Opinion
01-25-2017
Karen A. Sferlazzo, Warwick, NY, for appellant. Dawn M. Shammas, Harrison, NY, attorney for the child.
Karen A. Sferlazzo, Warwick, NY, for appellant.
Dawn M. Shammas, Harrison, NY, attorney for the child.
CHERYL E. CHAMBERS, J.P., SHERI S. ROMAN, JOSEPH J. MALTESE, and BETSY BARROS, JJ.
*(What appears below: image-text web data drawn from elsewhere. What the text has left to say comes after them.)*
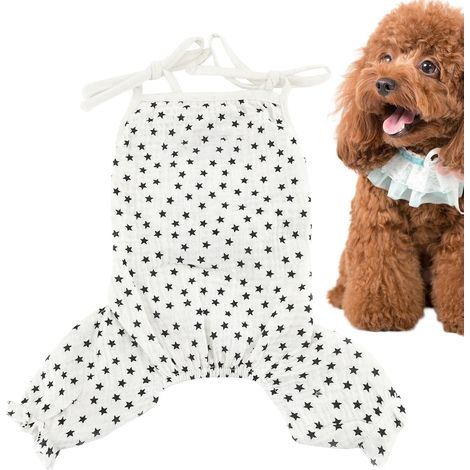 Dog T Shirt, Dress Vest for Pets Star Shaped Dog Dress,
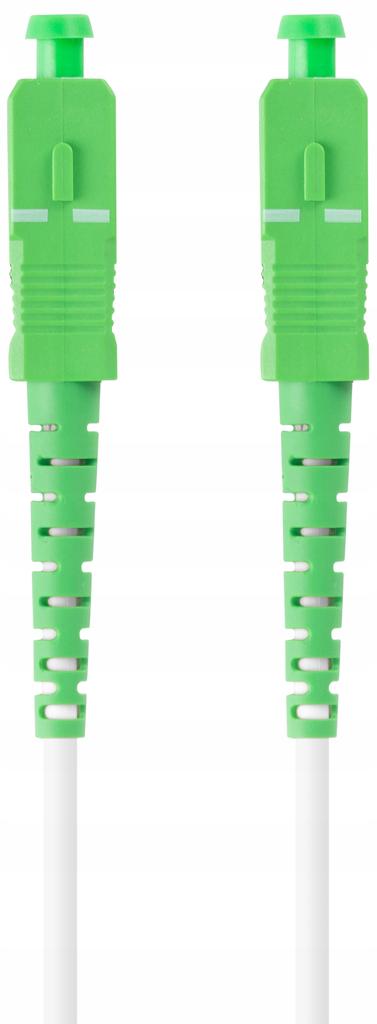 Patchcord światłowodowy Lanberg SM SC/APC-SC/APC SIMPLEX 3.0mm LSZH G657A2 10m biały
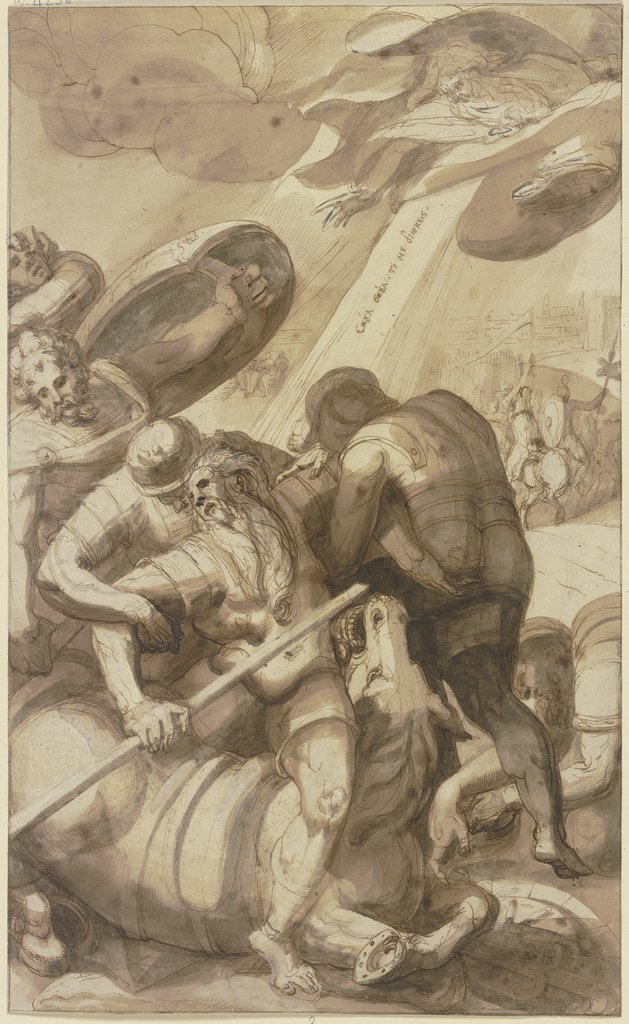 Die Bekehrung des Paulus, Jacopo Palma il Giovane;   ?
Appeal by the mother from an order of the Family Court, Orange County (Lori Currier Woods, J.), dated August 24, 2015. The order, after a hearing, found that the mother committed the family offenses of harassment in the "first or second degree" and criminal mischief, and directed her to observe the conditions of an order of protection dated August 20, 2015.
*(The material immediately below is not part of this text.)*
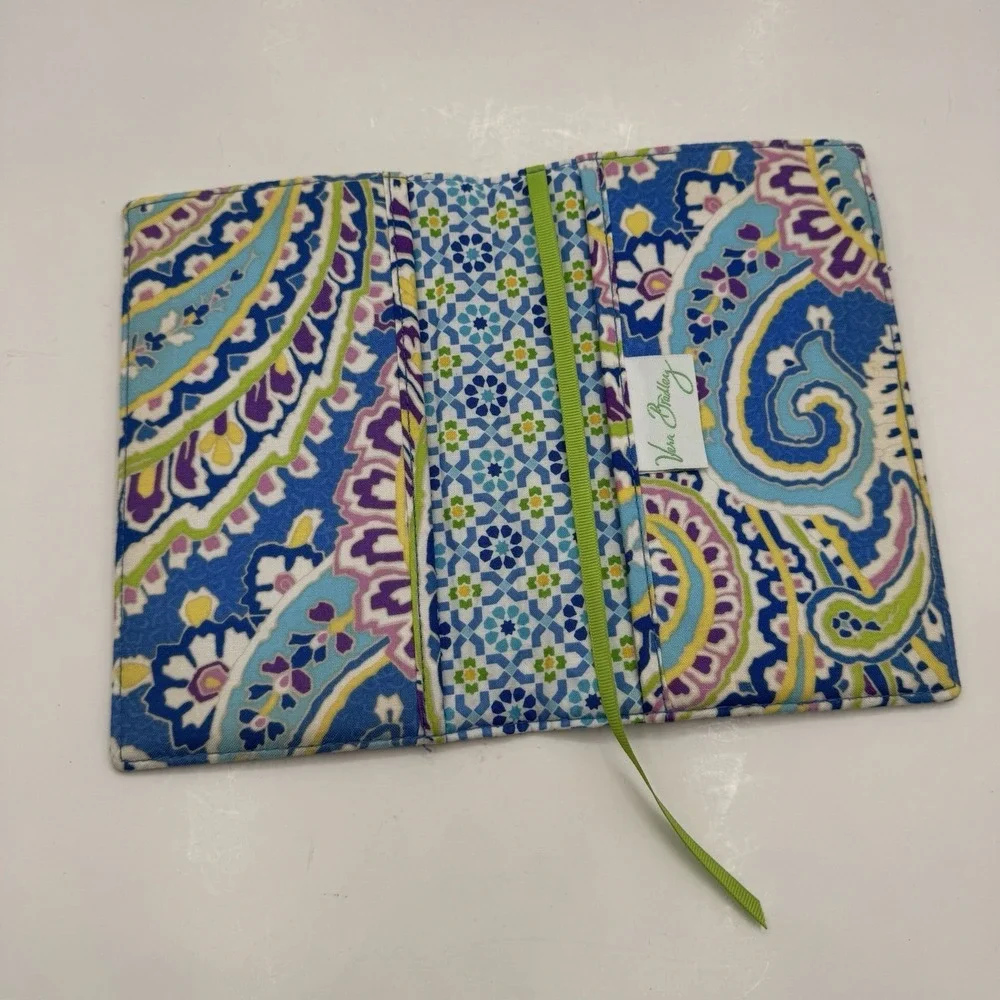 Vera Bradley Capri Blue Paperback Book / Bible Cover - Retired Pattern - HTF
ORDERED that the order dated August 24, 2015, is modified, on the facts, by deleting the provision thereof finding that the mother committed the family offense of criminal mischief; as so modified, the order is affirmed, without costs or disbursements.
In May 2015, the father commenced this family offense proceeding pursuant to Family Court Act article 8 against the mother. After a hearing, the Family Court found that the mother committed the family offenses of harassment in the "first or second degree" and criminal mischief, and directed her to observe the conditions of an order of protection dated August 20, 2015, which, inter alia, directed her to stay away from the father and the child Chyna C. (hereinafter the child) for a period of one year.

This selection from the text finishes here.